月と彼女と僕と
僕には空を見上げる習慣がなかった。
例えば今日の天気を聞かれても晴れだったか曇りだったかを答えることすら出来ない。
雨は降ってなかった、としか答えられない。
そんな僕だけれど、最近良く空を見るようになった。
特に夜空、月を見るようになった。
彼女の影響だ。
彼女は暇さえあれば、いつだって月を見ていた。
「今日は小さな月だね」
月の大きさが何らかの影響で、大きく見えたり小さく見えたりする事ぐらいならば知っているけれど、月見ビギナーの僕には果たして今日の月が小さいのか普通なのかは分からない。

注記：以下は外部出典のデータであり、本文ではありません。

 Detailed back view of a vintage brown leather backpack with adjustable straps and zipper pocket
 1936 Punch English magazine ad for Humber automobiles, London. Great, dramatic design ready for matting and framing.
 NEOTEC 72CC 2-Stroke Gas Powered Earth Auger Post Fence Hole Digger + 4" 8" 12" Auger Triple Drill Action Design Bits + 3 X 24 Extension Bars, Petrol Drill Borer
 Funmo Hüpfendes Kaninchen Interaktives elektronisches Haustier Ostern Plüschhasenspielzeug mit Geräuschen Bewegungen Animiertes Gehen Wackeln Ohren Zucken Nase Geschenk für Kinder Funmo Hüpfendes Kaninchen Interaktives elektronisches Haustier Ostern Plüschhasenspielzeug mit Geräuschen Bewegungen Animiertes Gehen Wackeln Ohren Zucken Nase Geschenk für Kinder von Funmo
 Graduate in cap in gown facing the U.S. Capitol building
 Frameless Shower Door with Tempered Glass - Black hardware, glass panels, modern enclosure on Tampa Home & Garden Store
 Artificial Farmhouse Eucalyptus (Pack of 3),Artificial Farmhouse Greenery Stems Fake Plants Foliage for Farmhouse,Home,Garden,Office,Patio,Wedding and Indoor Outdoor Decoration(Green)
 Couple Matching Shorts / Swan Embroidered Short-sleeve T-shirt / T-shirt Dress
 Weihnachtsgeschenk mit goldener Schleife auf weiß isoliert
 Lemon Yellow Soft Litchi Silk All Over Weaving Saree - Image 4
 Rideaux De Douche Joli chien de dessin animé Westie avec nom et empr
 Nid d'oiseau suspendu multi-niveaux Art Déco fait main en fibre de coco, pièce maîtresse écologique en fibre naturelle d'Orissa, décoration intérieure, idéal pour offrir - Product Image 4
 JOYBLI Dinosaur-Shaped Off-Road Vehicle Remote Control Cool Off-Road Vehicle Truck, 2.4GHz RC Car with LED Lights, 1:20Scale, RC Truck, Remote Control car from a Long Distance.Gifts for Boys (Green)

大きくはないとは思うから、とりあえずそう言ってみた。
彼女は何も答えない。
僕の言葉に反応する事無く、月を見ていた。
一体何がそんなに楽しいのだろうか。
彼女のとなりに座り、部屋の照明を消し、窓辺に座り月を眺めること五分。
僕はそろそろ飽きてきた。
でも、彼女は夢中に月を見ていた。
分からない。
全然分からない。
せいぜい雲に隠れたり、雲から顔を出したり、その程度の変化しかない月を見ていて、何がそんなに面白いのか、僕には全然分からない。
結局、月を見ることに飽きた僕は、彼女の横顔を眺めていた。
月相手には飽きてしまった五分は直ぐに過ぎた。
それから、十分、二十分、一時間、二時間。
僕は彼女の横顔を眺めていた。
全く飽きはしなかった。
時間が許す限り、ずっと眺めていたかった。
そうか。
きっと、彼女にとっての月は、僕にとっての彼女の横顔なのだろう。
分からないけれど、分かった。
きっと、そうなんだ。
疑問が解決したのがキッカケか、僕は空腹に気が付いた。
彼女を窓辺に残し、ご飯の支度をする。
と言っても、時間も時間だ。
お茶漬けと缶詰の手抜きディナー。
僕は彼女に声をかけた。
「ミケや。ご飯にしよう」
彼女は返事のつもりなのだろう。
一度だけニャーと鳴いて、傍に駆け寄ってきた。
その動きは、ご飯に走り寄る動きは、普段殆ど動かず月を眺めてばかりの彼女が雄一見せる、とてもとてもすばやい動作だった。
そんな彼女を見ながら、結局、月より横顔よりもご飯優先な、僕ら。
似ている二人なんだなと思った。